Priority Set in Swift 6
The Priority Set is a data structure that highly resembles a priority queue, but it enforces uniqueness of the elements contained within. Swift 6 doesn’t natively contain a priority queue though a collections library does have a min-max heap that can act as a priority queue. This gave me the opportunity to design my own implementation of a priority queue that better reflects what I need from it, which ultimately yielded the priorty set.
In the traditional conception of a priority queue, the priority of an element is an intrinsic property of the element itself. However, this does not hold for all uses of priority sets, particularly when it is used for the A* algorithm, where the priority value for a given node actually depends more on the context of the node in the graph as opposed to any intrinsic value of the node itself. Additionally, as the context of the node is often only partially known at the time it is added to the priority queue, it’s priority may be updated between when it was originally added to the queue and when it is dequeued. The priority set is built with this purpose in mind - handling all the involved complexity internally.

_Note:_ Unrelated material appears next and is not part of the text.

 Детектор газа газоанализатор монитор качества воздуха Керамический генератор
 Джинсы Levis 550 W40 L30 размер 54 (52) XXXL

So, what does the priority set look like? Let’s dive into it. The full source code is available on my github (TODO: Insert link here)
Implementation
In this priority set, elements are added to the set with an upfront separation between the element itself and its
priority value - prioSet.add(element, withPriority: priority). Internally, these are sorted into four data
structures. The first, _priority, is an array of priority values implementing a heap, which is used to enforce the
priority ordering on the priority values in the set. The second, _elements, is a dictionary where each priority
value points to its corresponding array of elements. This dictionary also resolves conflicts when multiple elements
have the same priority by using an array as a queue to prioritize elements added to the priority set first. The
third, _reverse, is a reverse dictionary, where each element points to its respective priority value. This allows
easy querying and updating of the priority value. The last, _index, is a dictionary that stores the indices of
each priority value in the priority array, which is also used for easier and faster updating of priority values.

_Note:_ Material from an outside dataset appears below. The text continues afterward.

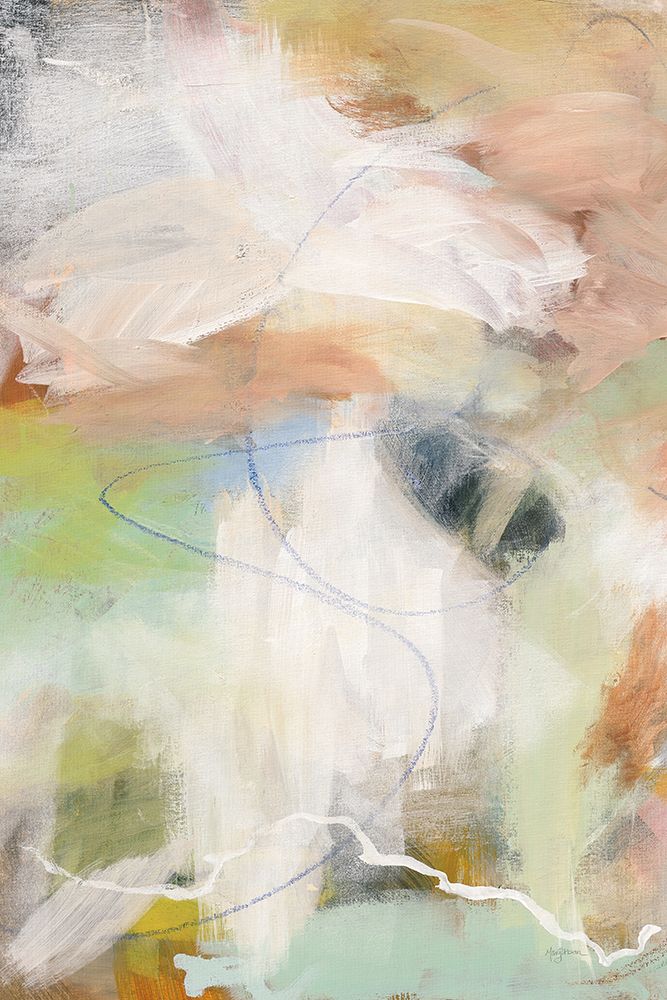 Possibilities II Light art print by Mary Urban for $57.95 CAD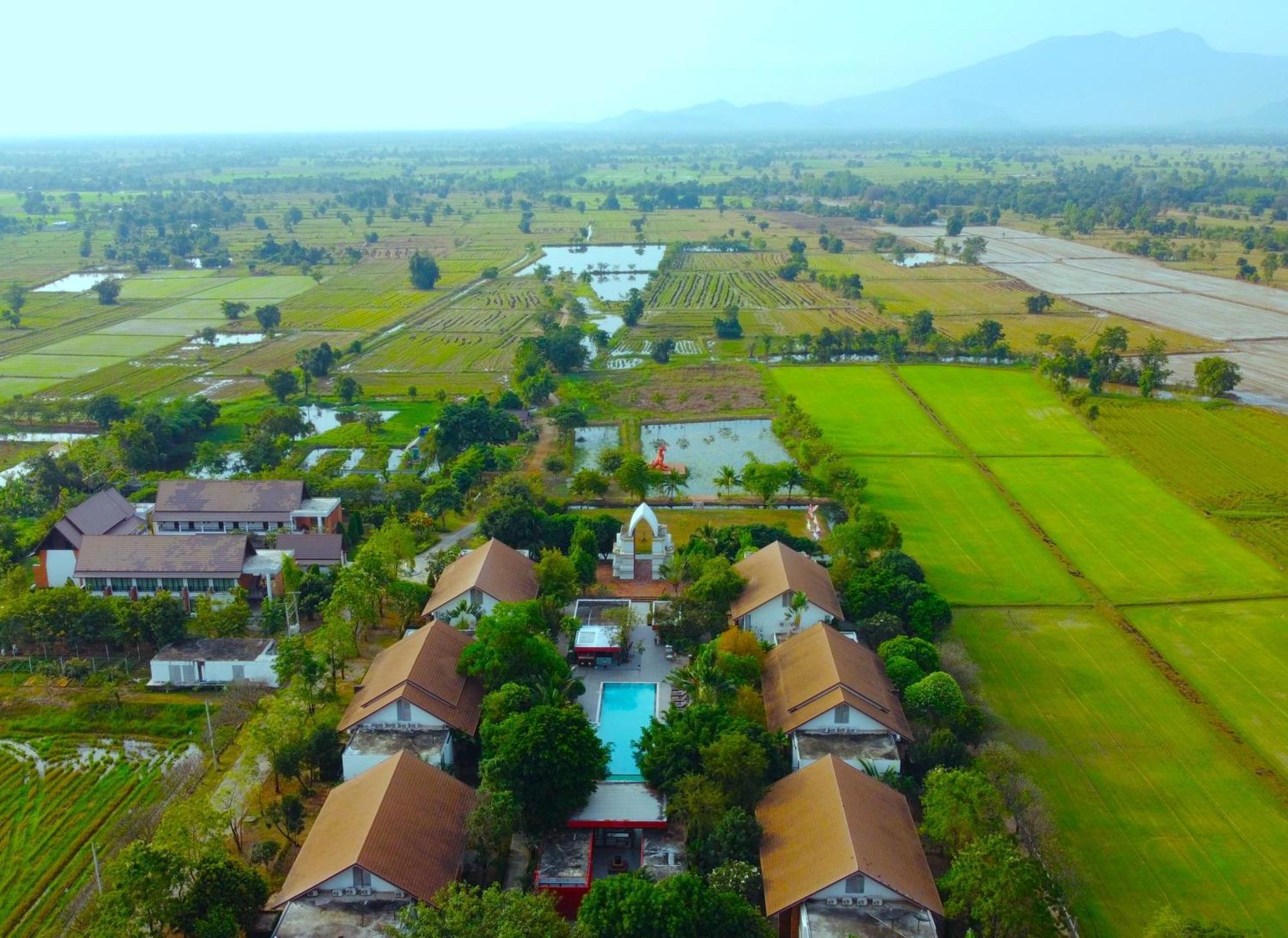 Sukhothai Treasure Resort & Spa Εξωτερικό φωτογραφία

public typealias Priority_Definition<Priority> = (_ p1: Priority, _ p2: Priority) -> (Bool)
public struct PrioritySet<Element: Hashable, Priority: Hashable> {
internal var _prio_function: Priority_Definition<Priority>
internal var _elements = [Priority: [Element]]()
internal var _priority = [Priority]()
internal var _reverse = [Element: Priority] ()

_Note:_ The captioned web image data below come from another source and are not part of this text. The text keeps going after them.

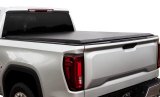 Access Original 2024+ Chevy Silverado / GMC Sierra EV 5ft 11in Bed (w/o Midgate) Roll-Up Cover thumbnail 1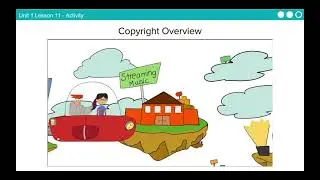 TEALS: CSP Unit 1 - Digital Information - Lesson 11 - Intellectual Property
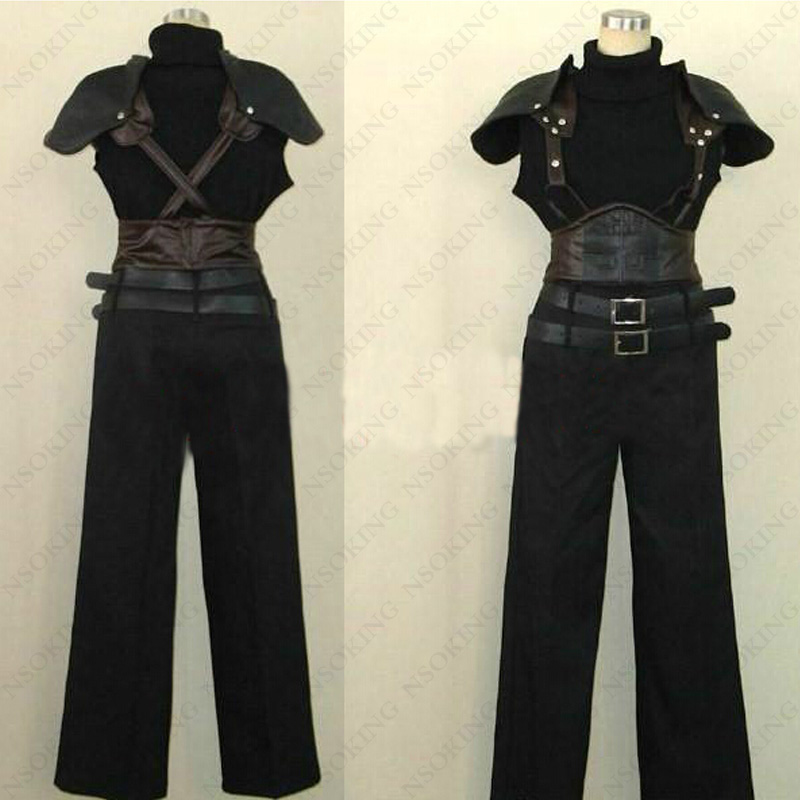 Anime FFVII Final  Zack Fair C - Aerith Cosplay Prop review and price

internal var _index = [Priority: Int]()
public init(_ prio_func: @escaping Priority_Definition<Priority>) {
self._prio_function = prio_func
}
The internal workings of the priority set rely on the _priority array acting as a heap. In order to do so, the
_priority array needs to be sifted using the user-provided priority function, which serves to define how two
priority values are compared. The Priority_Definition typealias is exposed so that conforming to the expected
format is easier. Allowing the user to specify the priority function allows for the priority set to be applicable
in multiple contexts where the way things are prioritized differs, or where the type of the priority value is
nonstandard. This way, the canonical priority set can be used in many situations that would call for either a
min-heap or a max-heap.
internal mutating func _sift_up(_ index: Int) {
var id = index
var parent = (id - 1) / 2
while id > 0 && _prio_function(_priority[id], _priority[parent]) {
_swap(id, parent)
id = parent
parent = (id - 1) / 2
}
}
internal mutating func _sift_down(_ index: Int) {
var id = index
while 2 * id + 1 < _priority.count {
let left = 2 * id + 1
let right = 2 * id + 2
var j = left
if right < _priority.count && _prio_function(_priority[right], _priority[left]) {
j = right
}
if _prio_function(_priority[j], _priority[id]) {
_swap(id, j)
id = j
}
else {
break
}
}
}
internal mutating func _swap(_ a: Int, _ b: Int) {
_index[_priority[a]] = b
_index[_priority[b]] = a
let temp = _priority[a]
_priority[a] = _priority[b]
_priority[b] = temp
}
I think the only thing that is special about the sift code compared to most priority queue implementations I have seen is that I have avoided the more typical recursive definitions of these functions. I’m not a huge fan of recursion where loops suffice, in part because recursion can blow up a stack trace when an error occurs at scale, and because it is easier to miss termination conditions when using recursion. Otherwise, there isn’t anything special here.
That is not the case for the _swap function, but only because extra care needs to be taken due to the _index
dictionary. As such, the index positions for the two priorities to be swapped also need to be swapped.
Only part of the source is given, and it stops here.